American consumers largely stayed home in June, spending less on restaurants and clothing but continuing to replace their aging cars with newer models.
Retail sales rose 0.4% last month, according to the Commerce Department, half the 0.8% forecast from the Reuters poll of economists. It was the third month in a row of positive sales and the eleventh of the last twelve. The annual rate jumped to 5.7% in June from 4.4% the previous month.
All of the monthly increase came from automobile purchases, excluding those, sales were flat, well below the 0.5% forecast. The May sales figure was revised down to 0.5% from 0.6%. Retail sales without autos and gasoline fell 0.1%, also missing its 0.4% forecast.
The so-called 'control group’ or ‘core sales', the formulation most closely matching the consumption component of GDP, which is about 70% of overall economic activity, gained 0.1% on expectation for a 0.3% increase.

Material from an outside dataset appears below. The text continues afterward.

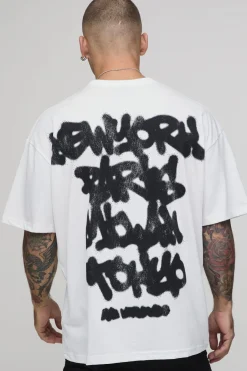 T-shirt Graphique Graffiti Surdimensionné Blanc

The May score was revised lower to 0.2% from 0.3%.
Restaurant and bar receipts fell 1.2% in June, the biggest drop since February 2008. Building materials sales slid 2.2% the most since last May and department stores generated 1.0% fewer sales in June.

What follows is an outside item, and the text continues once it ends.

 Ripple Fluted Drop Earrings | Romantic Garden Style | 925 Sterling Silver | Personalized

Eight of 13 major sales categories rose, the largest a 1.8% gain at automobile dealerships. Purchases of furniture and home furnishings climbed 2.4%, the most since May 2012.
Service station sales rose 0.7% in June after May’s 0.4% boost, probably a note on the beginning of the summer driving season as gasoline prices were essentially flat, averaging $3.595 for a gallon of regular gasoline in June and $3.592 in May.
Cars and light trucks sold at a 15.89 million unit annual pace in June, the best rate since November 2007.
The economy is predicted to grow at a 2.3% in the third quarter, after expanding at a 1.8% pace in the first quarter and a projected 1.6% rate in the second.